There's basically no accountability for these intelligence organizations preventing them from playing fast and loose.
On the other hand, there's various degrees of explosives spot checking all over international boundaries and the like. If random explosives are moving around surely someone would run across them, so it my just be some scumbag spook trying to get people scared.
> Some random person is gonna get killed because their eBay sourced electronics were originally purchased for Iran, were intercepted by Mossad and tampered with, sent on their way, got seized in Jordan for sketchy customs papers, bought at evidince auction 18mo later by a reseller, who imported them (or the importer is gonna lose their life's work after being accused of explosives smuggling by the feds).
I suspect in practice the spicy pagers would tend to be tracked quite closely by the intelligence agencies.
> There's basically no accountability for these intelligence organizations preventing them from playing fast and loose.

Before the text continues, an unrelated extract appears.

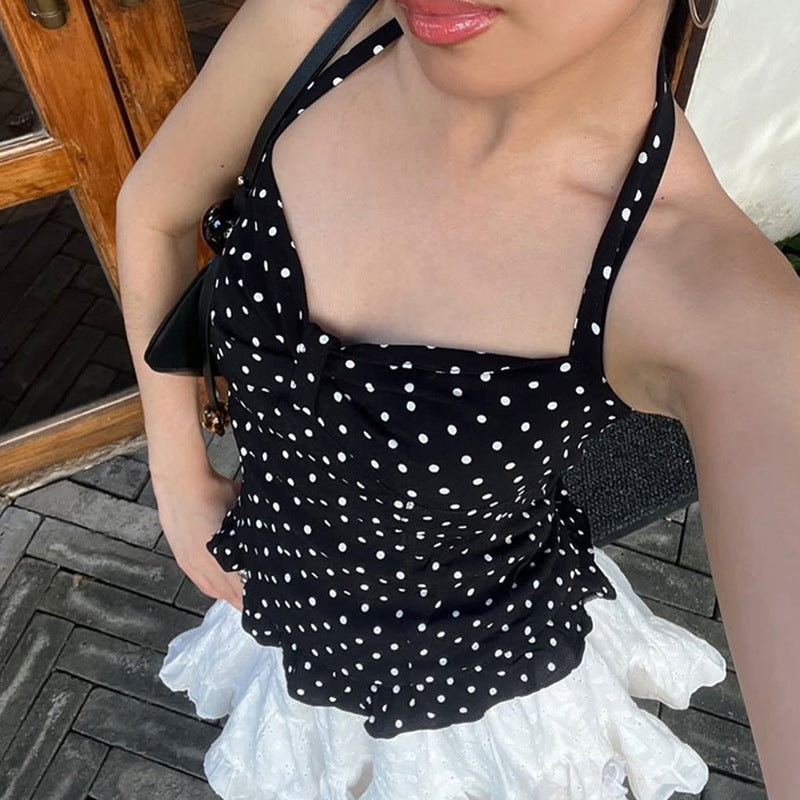 Vacation Style Contrast Color Polka Dot Wooden Ear Female Tops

Intelligence agencies don't have a lot of accountability in general, but I'd hardly say operation grim beeper was playing fast and loose with how precisely the terrorists were targeted ultimately.
> On the other hand, there's various degrees of explosives spot checking all over international boundaries and the like. If random explosives are moving around surely someone would run across them, so it my just be some scumbag spook trying to get people scared.
Hard to say how easy to detect they would be, but it doesn't seem all that likely that random consumers would run into these sort of devices. Intelligence agencies would certainly not want these devices getting distributed to the general public.
>I suspect in practice the spicy pagers would tend to be tracked quite closely by the intelligence agencies.
Because these people totally wouldn't cut and run and leave someone else holding the bag if things went wrong. /s
Kinda like how the CIA spent the 90s quasi-protecting Al-Qaeda in an effort to penetrate the organization only to cut and run and be all "hey, FBI, y'all might want to look into these guys we really think they're up to something serious" in summer of 2001.
Say an operation was called off. I give it 50% odds between them finding a way to buy the devices to keep them from getting out into public vs 50% chance they just abandon them.
>, but I'd hardly say operation grim beeper was playing fast and loose with how precisely the terrorists were targeted ultimately.
I generally agree but I absolutely foresee some random company in the region having 1/3 of their laptops go boom because they bought tampered shit that "got out". Best case someone opens one up for service, goes WTF, snaps a picture, internet amplifies, it gets back to the OEM and the "questionable" lots are ID'd.
> but it doesn't seem all that likely that random consumers
The angry pagers were being bought under the guise of legitimate companies. I find it very hard to believe that some gravel pit or factory who needed 20 and bought 200 on a "we pay you for 250 basis" didn't have their 20 go poof while sitting on the charging shelf in the office or whatever.
This whole thing is just too "meta targeted" for my taste in the same way that "signature strikes" were. It's not like these organizations lack the capacity to kill people the old fashioned way, heck it might even be cheaper.
The sealed battery itself is the bomb. The tell was that the batteries had lower capacity than they should have given the size.